(Caption-style text data)
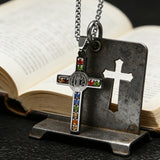 Gemstone St. Benedict Cross Necklace: Wear Protection & Faith With Radiance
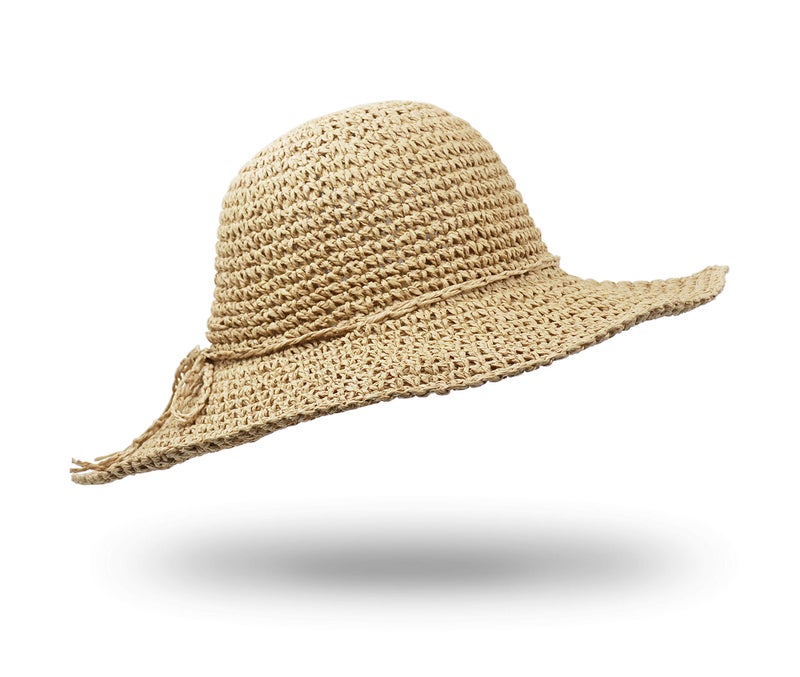 UltraKey Straw Hat, Handmade Beach Wide Brim Cap Foldable Outdoor Sun Hat Beach Headwear for Adult Man Women Beige - Image 5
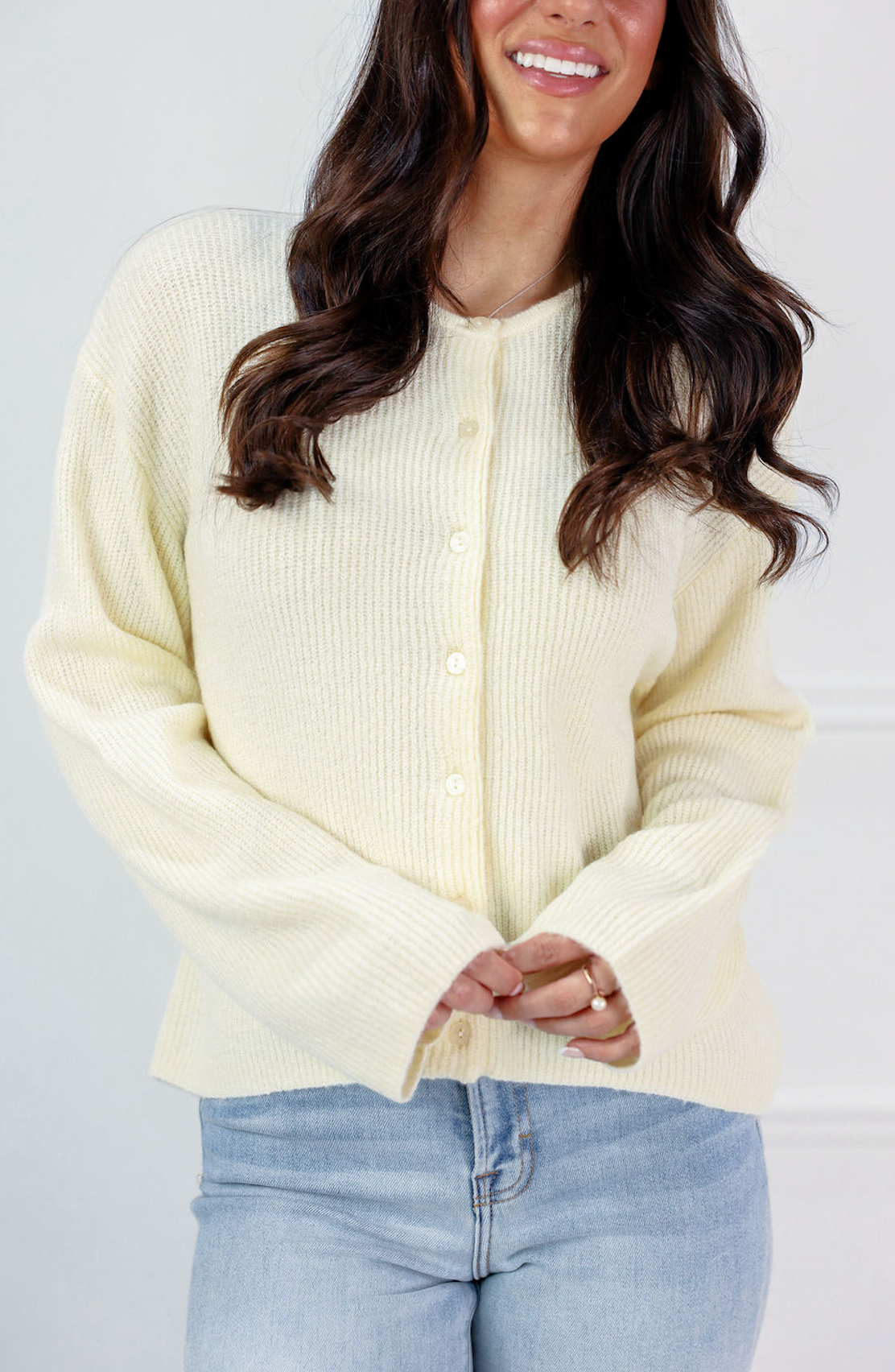 Anabel Knit Button Cardigan Cream - Clothe Boutique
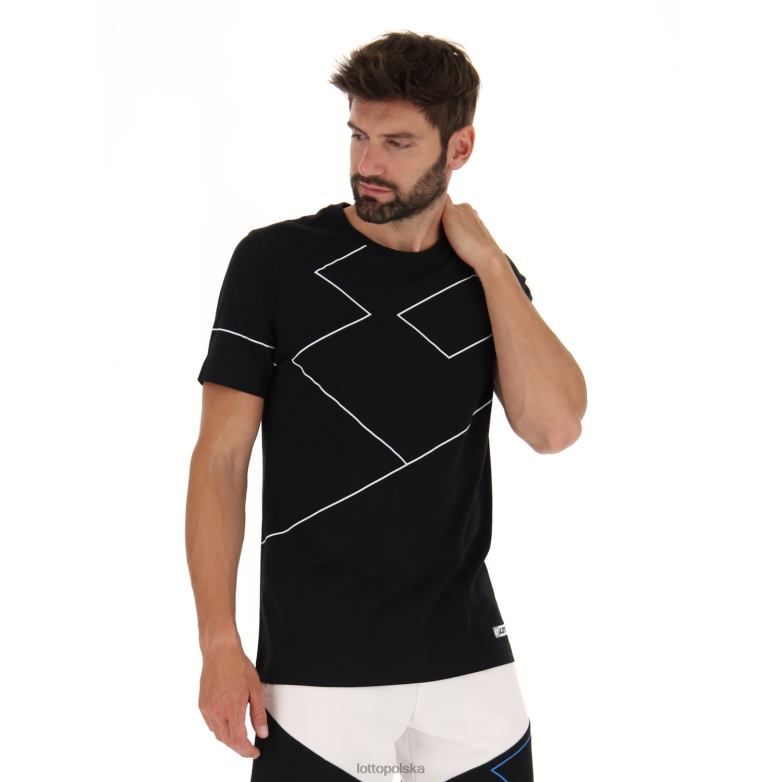 Lotto Męskie - Lotto Człowiek wszystko czarne logo vii koszulka 2 strój R4DBZ411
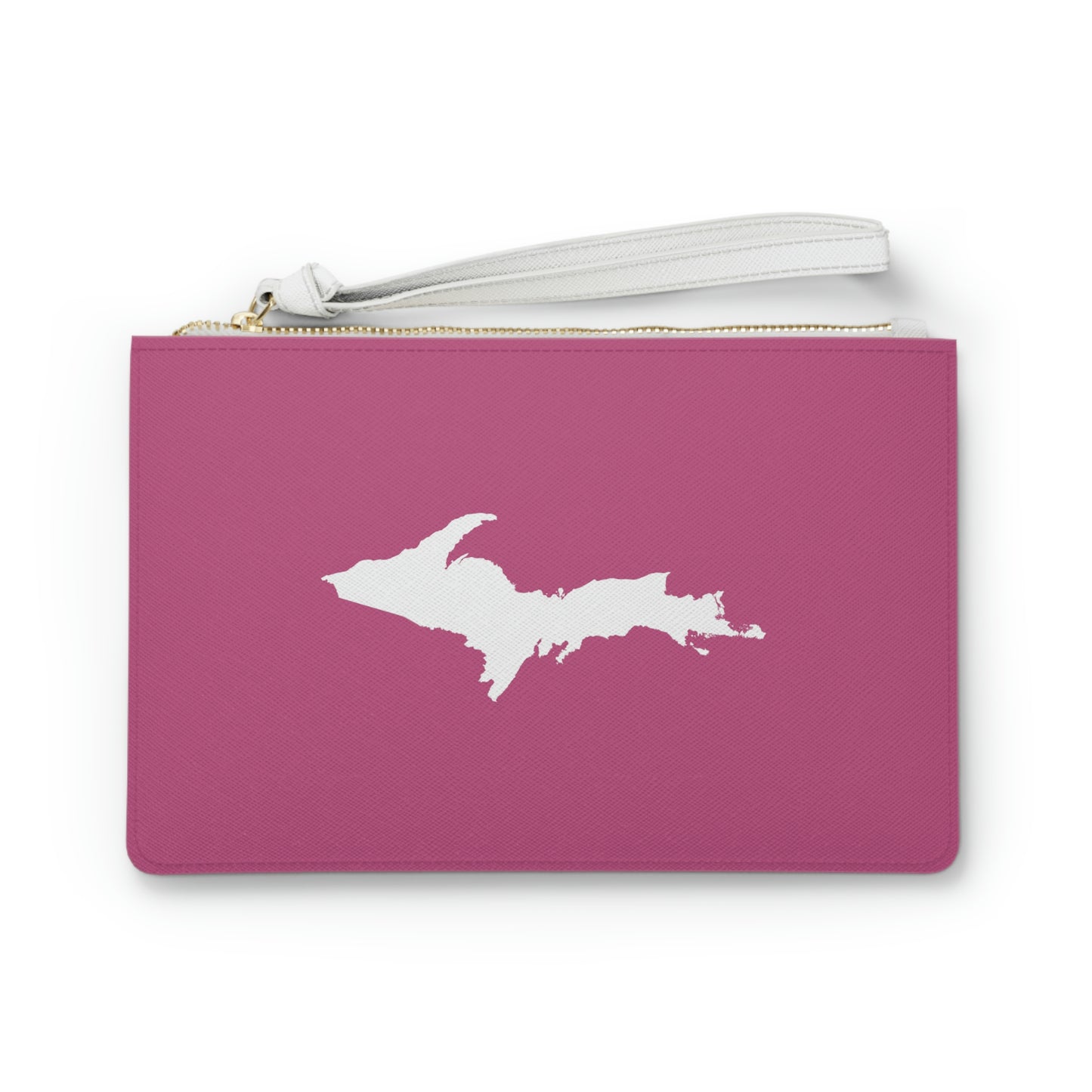 Michigan Upper Peninsula Clutch Bag (Apple Blossom Pink w/UP Outline)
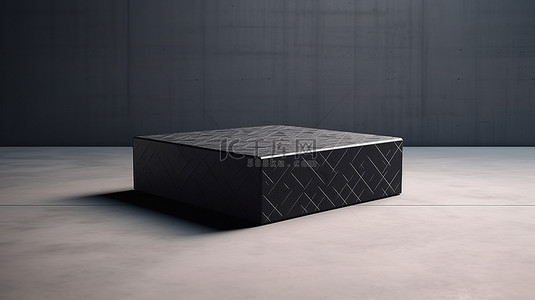 混凝土地板上黑色纹理矩形纸板箱的 3D 渲染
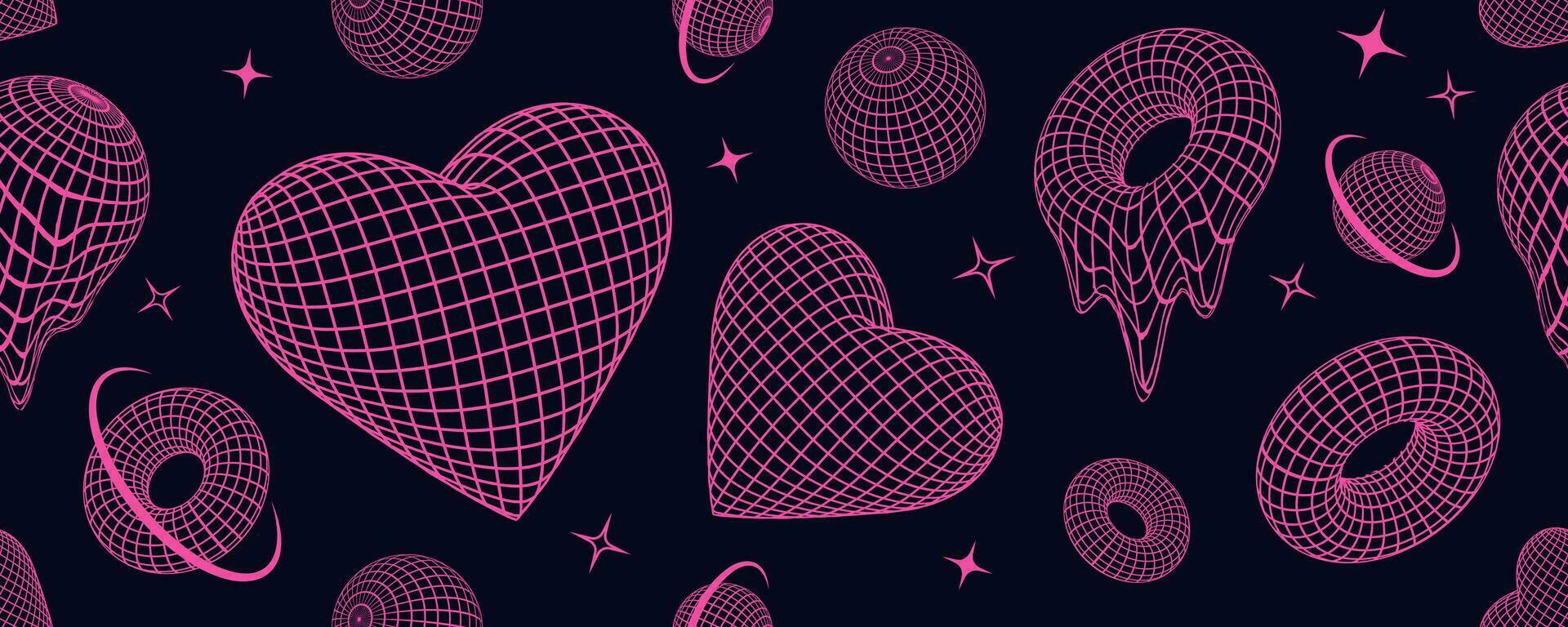1920x768 Retro Y2K seamless pattern with techno shapes and 3D wireframes, grids, geometric forms, pink neon crazy design elements in 2000s aesthetic style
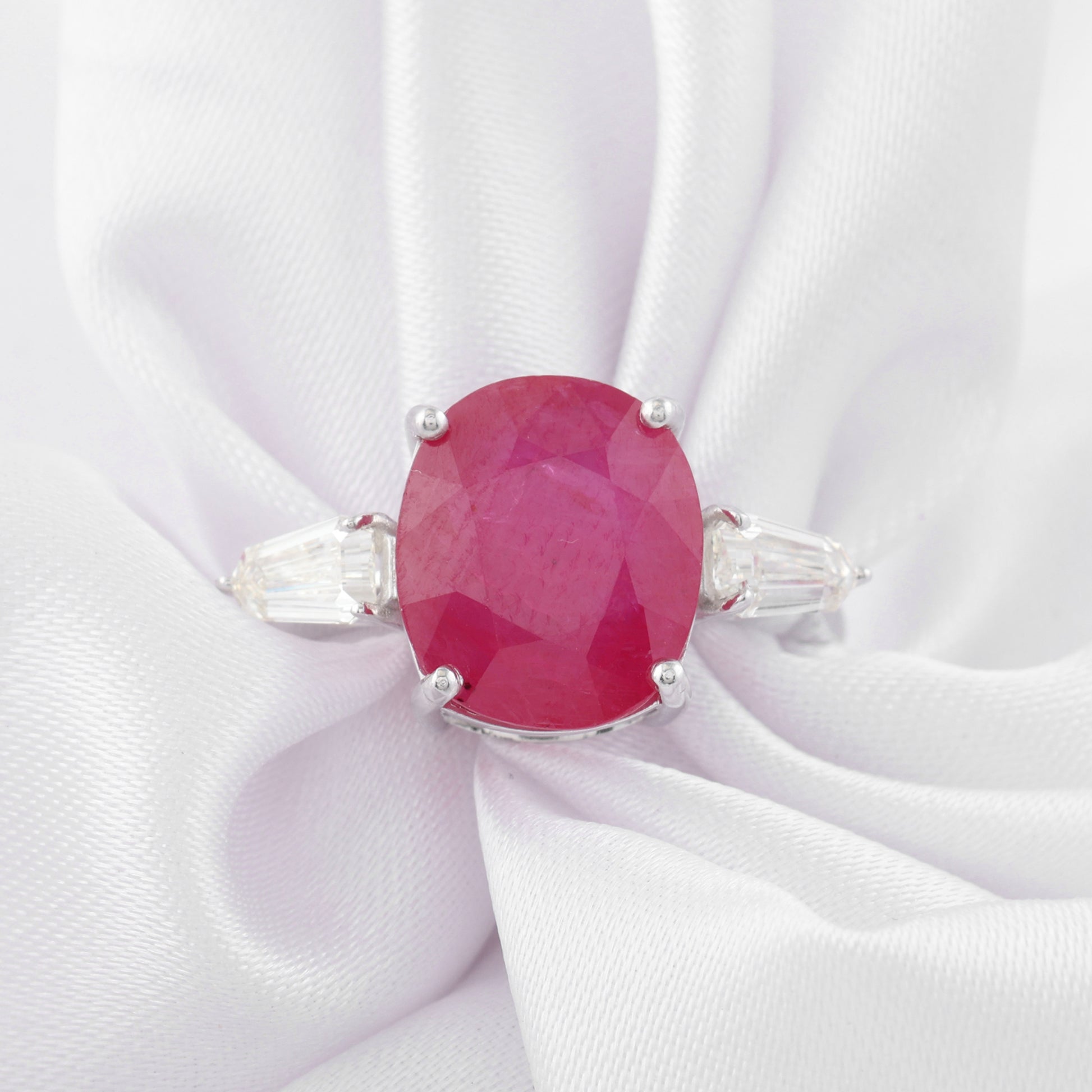 Oval Ruby Three Stone Ring 14K Gold Diamond Sides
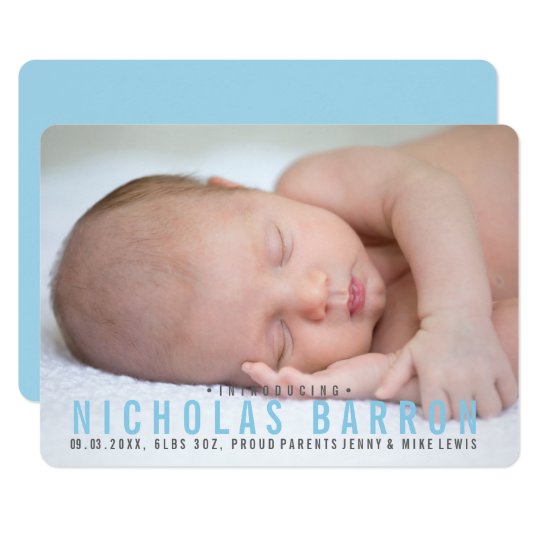Elegant plain BLUE BOY announcement photo card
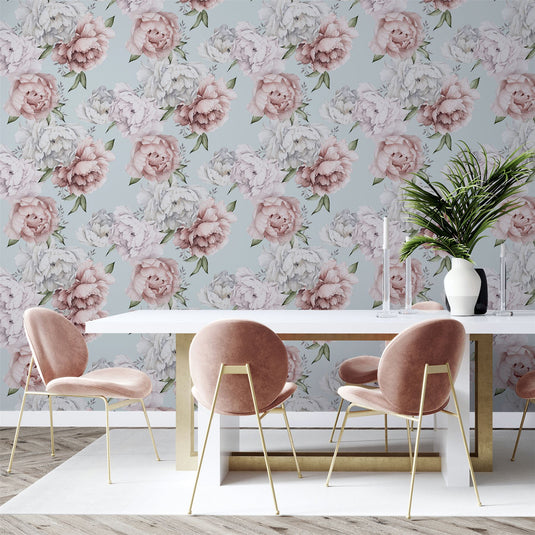 Mixed Peonies Mint Wallpaper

(Work item) Copy exactly, leaving out pictures, the lines from the line containing "混凝土地板上黑色纹理矩形纸板箱的 3D 渲染" through the last line of the records.

(Task result)
 混凝土地板上黑色纹理矩形纸板箱的 3D 渲染
1920x768 Retro Y2K seamless pattern with techno shapes and 3D wireframes, grids, geometric forms, pink neon crazy design elements in 2000s aesthetic style
 Oval Ruby Three Stone Ring 14K Gold Diamond Sides
Elegant plain BLUE BOY announcement photo card
 Mixed Peonies Mint Wallpaper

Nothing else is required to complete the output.